The researchers are also noting proteins or protein deficiencies that can appear in cells that trigger an immune response.

These discoveries have led researchers creating tests for some autoimmune disorders. Those did not exist when Pittock began his work at Mayo Clinic.

Pittock, McKeon and researchers at Mayo have developed a new way to detect specific antibodies. Doctors take a sample of the protein targeted by the as-yet unidentified antibodies, then place it into a cell that doesn't express the target protein. The patient's sample is introduced to the cell.

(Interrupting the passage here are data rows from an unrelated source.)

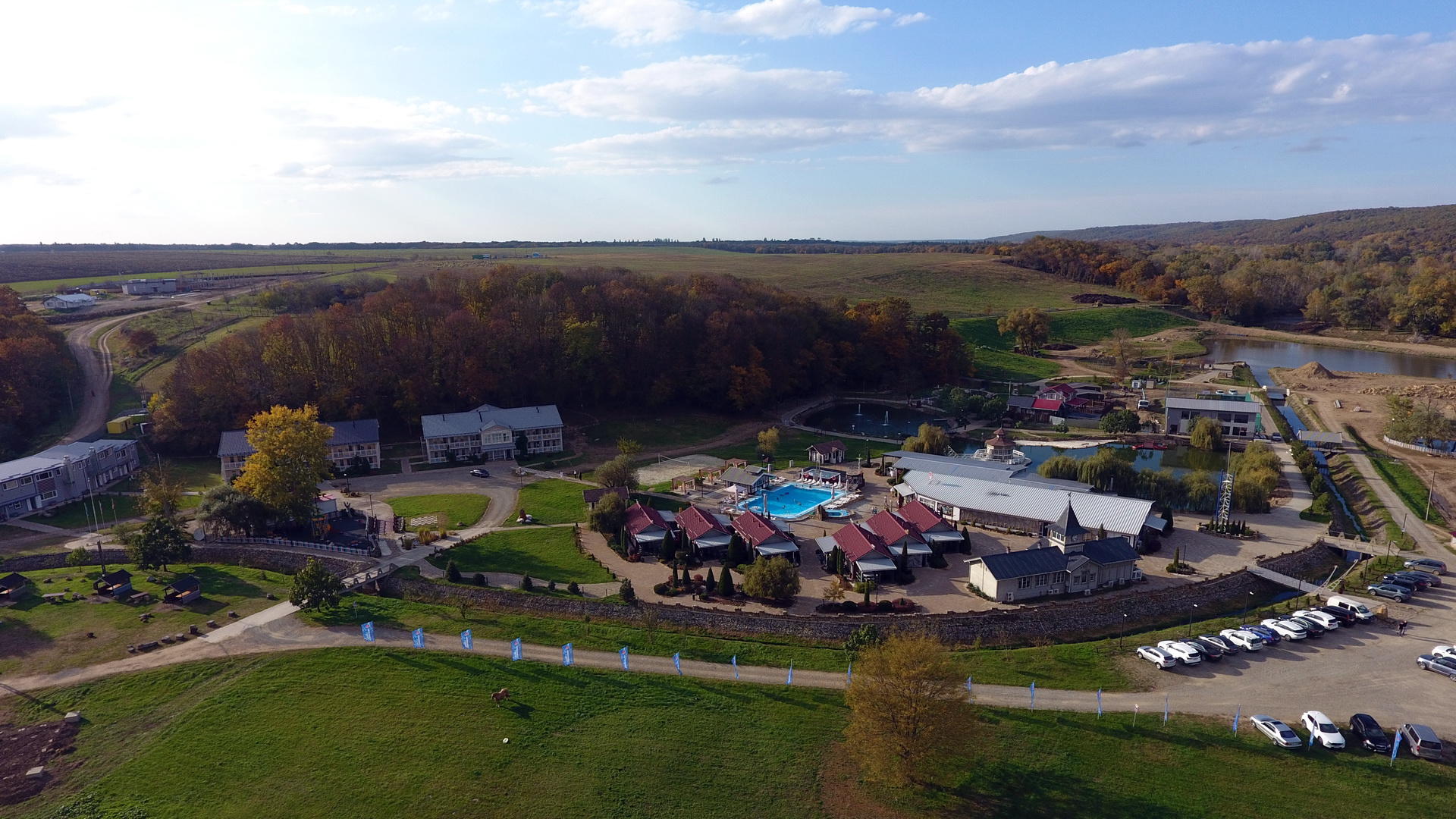 Ярославская краснодарский край. Кремниевые термы в станице Ярославская. Станица Ярославская Краснодарский край. Кремниевые термы вид сверху. Сад в станице Ярославской.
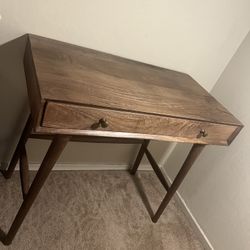 Desk / chair / mirror / night stand 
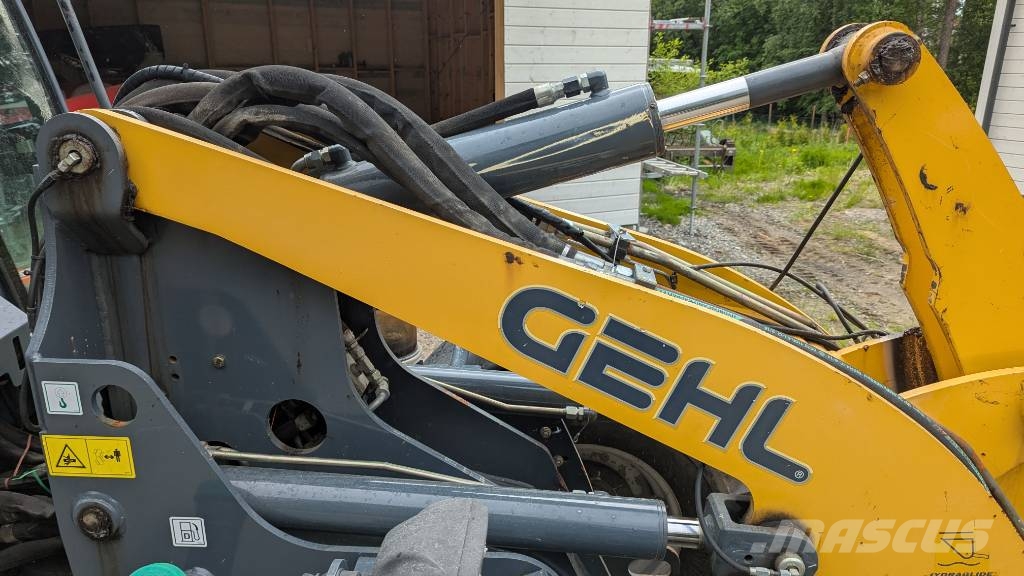 Gehl 750 Wheel loaders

"So the protein is expressed the way they would be in a human being," Pittock said.

Piecing the puzzle

With tests available and the field growing, doctors are beginning to look at autoimmune causes of some long-known ailments. Patients presenting multiple sclerosis symptoms are now routinely tested for an autoimmune disorder that mimics multiple sclerosis.

A study in Olmsted County of incidences of encephalopathy shows that many cases are like Krivach's -- an autoimmune disorder -- and not caused by an infection. In 1995, the number of infectious encephalopathy cases was triple the number of suspected autoimmune cases. The study showed this year the causes are nearly even. As more autoimmune tests are developed, McKeon and Pittock expect autoimmune-related cases to eclipse infectious cases.

Other cases are not so clear.

"Sometimes the patient has a combination of factors never seen before," said McKeon.

Other times, autoimmune disorder symptoms can mimic something oddly specific. One disorder has symptoms that resemble strychnine poisoning, the neurologists said. Symptoms and illnesses caused by potential autoimmune disorders can be broad. Antibodies can attack nerves of any organ or system.

"If you can imagine it, it can happen," Pittock said.

Researchers are also looking at correlations between some diseases and cancers in patients who later develop autoimmune disorders.

Under diagnosed

Krivach is still recovering. When she first arrived at Mayo Clinic, she would have had difficulty living on her own, she said. Today, she lives a normal life but has some residual symptoms.

Wider understanding of autoimmune disorders will mean a quicker diagnosis and a better prognosis. However, recovery can vary between patients, doctors said.

Pittock compared it to recovery of an injured knee that might or might not develop arthritis.

"It's kind of similar in the brain -- you get the attack, you get the hit," Pittock said. "The patient can still have problems, but there's no inflammation."

Krivach continues to improve.

"I hope I will be able to go back and spend some time in nature," she said.

Krivach added she's grateful to McKeon, Pittock and the autoimmune neurology team. In a new field, there is still a large element of deduction and hypothesizing.

"To diagnose and treat and manage the way they do here, there is an art involved," she said.